GRC Application Security Specialist (Contract)

Governance, Risk and Compliance (GRC)

• Develop and promote a culture of technology risk governance and management across the organisation, ensuring proper accountability in managing, tracking, and reporting technology and cyber risks

• Provide subject matter expertise to internal stakeholders on cybersecurity requirements, including compliance with MAS internal policies and standards, as well as policies from GovTech and Cyber Security Agency of Singapore

• Review and establish ICT policies and process controls, conducting regular compliance checks to ensure adherence • Track and monitor technology projects and initiatives to meet compliance requirements, including Key Risk Indicators and Control Self-Assessment as part of the technology governance framework

• Monitor incident reporting processes, reviewing and reporting on corrective measures and improvement areas

• Participate in consultations and conduct gap analysis against new or revised regulatory requirements • Assess and seek waiver approvals for deviations and develop risk treatment strategies

• Organise risk forums and monitor action plans, coordinate and facilitate IT and cybersecurity audits

• Track remediation plans to address audit findings and follow up on remediation actions with stakeholders, project managers, and application managers

Application Security

• Establish clear guidelines and best practices for secure coding, vulnerability management, and incident response across development teams

• Serve as Subject Matter Expert in application security for enterprise projects during development phases, providing information security consulting and recommendations

• Discover security vulnerabilities and devise mitigation strategies, reporting and resolving technical debt effectively • Track and address security issues with timely remediation and patching processes

• Integrate security tools and processes into DevOps pipelines, automating security scans and tests

• Collaborate with developers and software teams to ensure security integration at every stage of software development

• Work with development teams to remediate application security vulnerabilities and prevent future incidents

• Implement and promote secure coding practices throughout the organisation

Strategic and Operational Excellence

• Recommend re-engineering and streamlining of processes to enhance control effectiveness

• Present management reporting to stakeholders with data analysis, trend identification, and strategic recommendations

• Enhance training materials and documentation in ICT risk management, developing case studies and best practices • Stay updated on latest security threats, trends, and emerging technologies

• Identify opportunities for incorporating AI assistant tools into development processes and analyse efficacy of potential use cases

This integrated role ensures comprehensive security coverage from governance oversight through to technical implementation, creating a robust security posture across the organisation's technology landscape.

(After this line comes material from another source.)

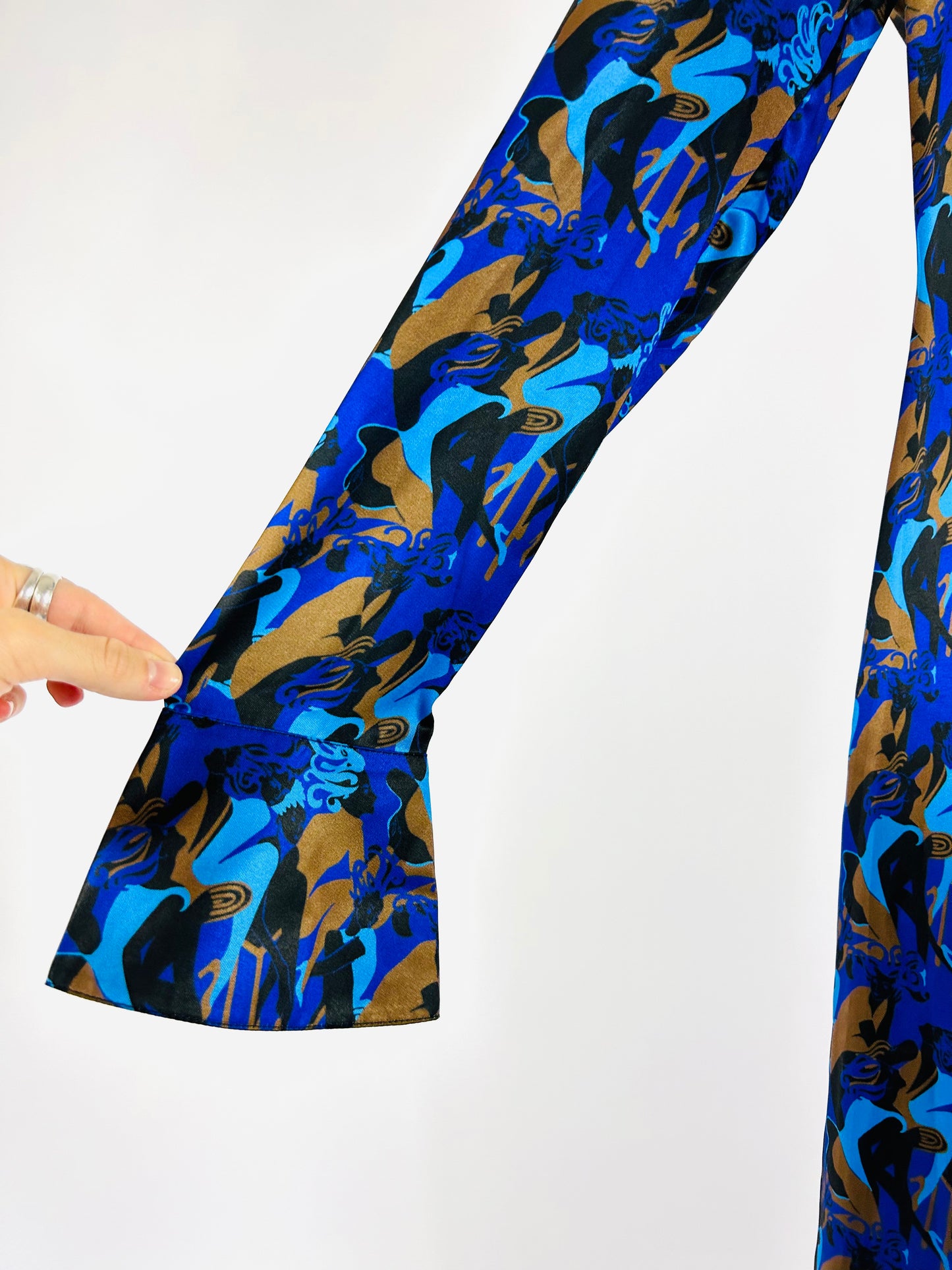 Staud Blue Print Dress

• At least 5 years relevant experience in ICT cybersecurity, data security, audit management, governance, risk and compliance management,  security engineer or security architect role

• Relevant certifications in IT governance, IT audit, cyber or data security (e.g. CISSP, CISM, CISA, etc.) preferred.

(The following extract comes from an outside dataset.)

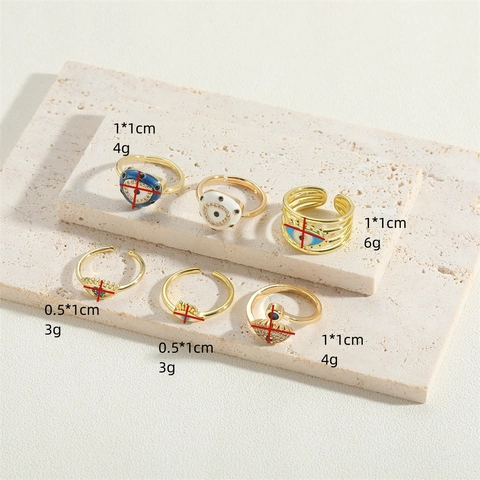 Evil Eye Ring Copper Gold Plated Enamel Zircon Adjustable Retro Exquisite Jewelry For Women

• Ability to work with cross-functional, multi-disciplined team to operationalise monitor security policies and procedures.

• Knowledge of Instruction Manual 8 and CSA Cybersecurity Code of Practice preferred.

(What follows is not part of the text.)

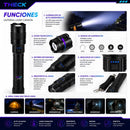 Linterna Led Theck Xy6099 Recargable Zoom De Largo Alcance Blanco Negro
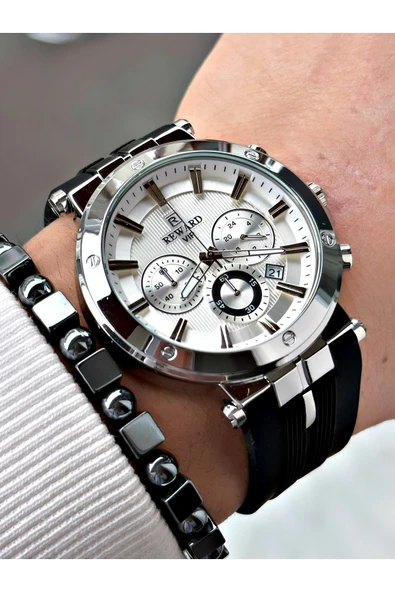 Reward Siyah Renk Spor Silikon Kordon Fonksiyonlu Garantili Erkek Kol Saati + BİLEKLİK ürün görseli 1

• Technical knowledge of security vulnerabilities, validation of remediations and risk assessments.

• Experience in performing penetration testing, secure code review, static, dynamic and manual source code review.

• Experience in identifying and remediating common web application vulnerabilities such as OWASP Top 10

• Hands-on experience with Web Application Scanning Tools

• Proven experience in secure coding practices, vulnerability assessment, and penetration testing

• Relevant experience in data visualisation and analytics.

      Skillset:

• Strong analytical, reasoning and problem-solving skills. 

• Meticulous with an eye for detail.

• Good oral and written communication skills

• Ability to work independently and assume responsibility for project deliverables.

• Team player who is proactive and collaborative 

• Experience in reporting and dashboard using JIRA is preferred.